WORK TO BE COMPLETED: Your answer must be the exact lines of the listing below that run from the line with "Frame a Patent" to the line with "Multidimensional Analytical Techniques", ends included, and no pictures.

SOURCE RECORDS:
◇ ◇ ◇ ◇

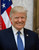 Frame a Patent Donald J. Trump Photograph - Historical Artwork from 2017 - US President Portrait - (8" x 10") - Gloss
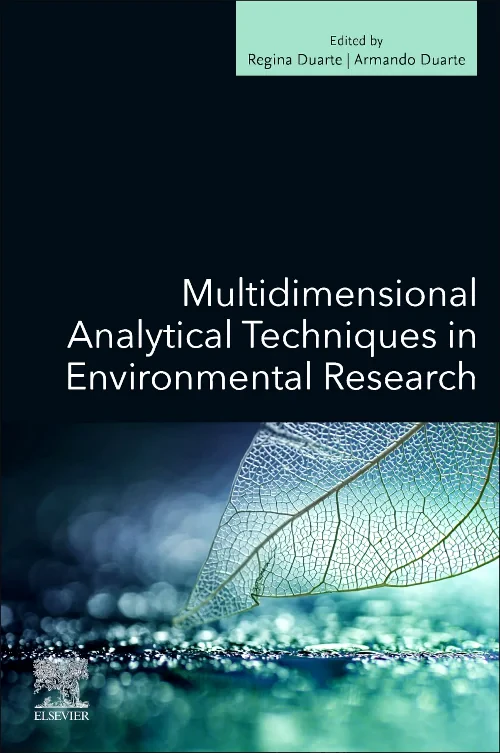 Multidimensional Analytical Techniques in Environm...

◇ ◇ ◇ ◇

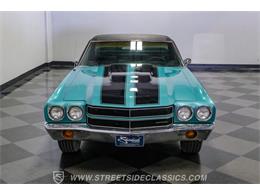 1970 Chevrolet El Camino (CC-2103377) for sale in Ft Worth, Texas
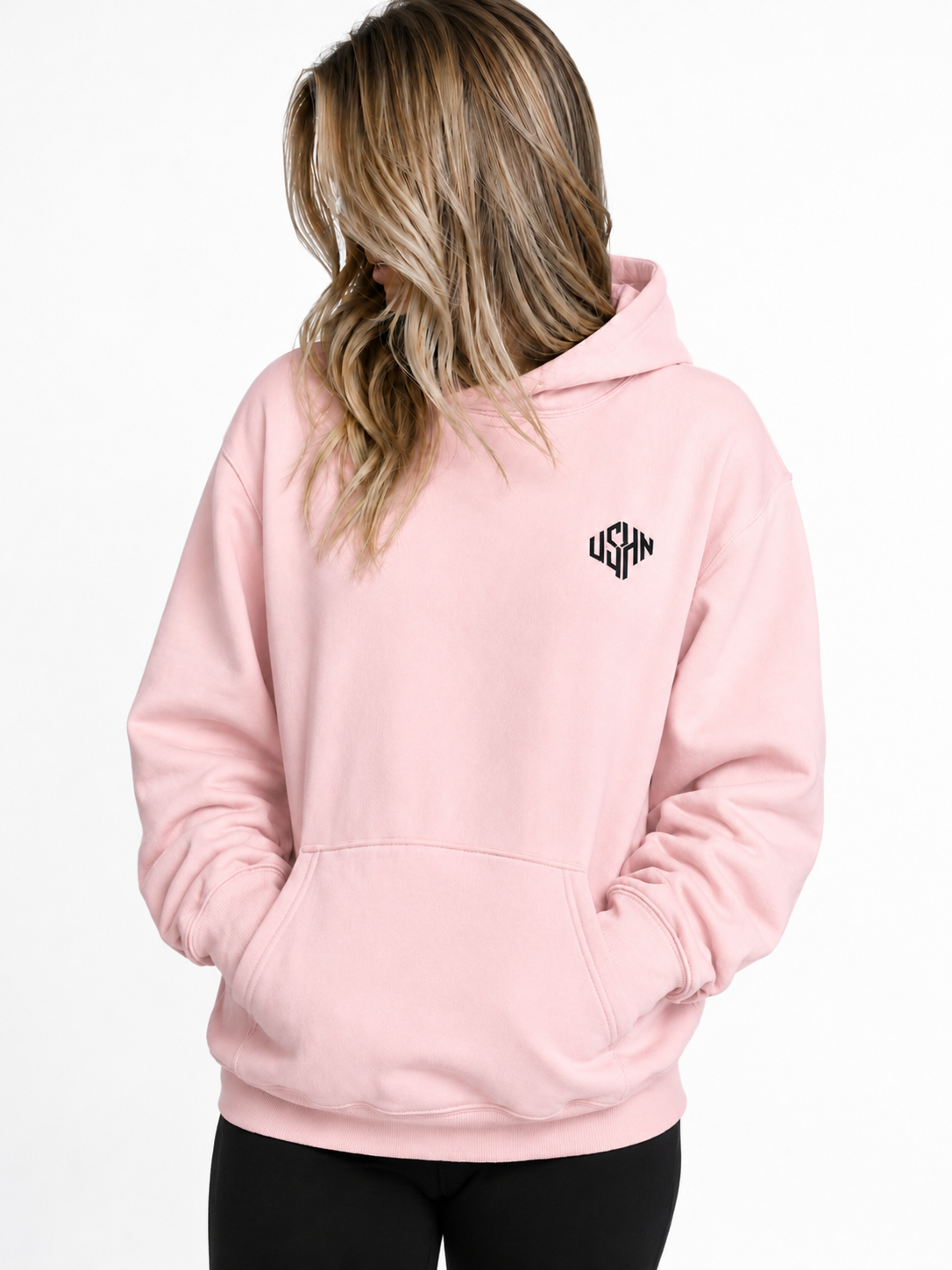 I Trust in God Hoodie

◇ ◇ ◇ ◇

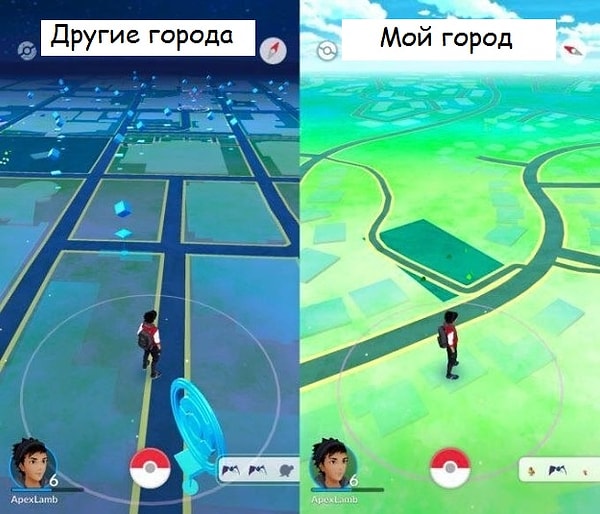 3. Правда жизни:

◇ ◇ ◇ ◇

ANSWER BOX:
 Frame a Patent Donald J. Trump Photograph - Historical Artwork from 2017 - US President Portrait - (8" x 10") - Gloss
 Multidimensional Analytical Techniques in Environm...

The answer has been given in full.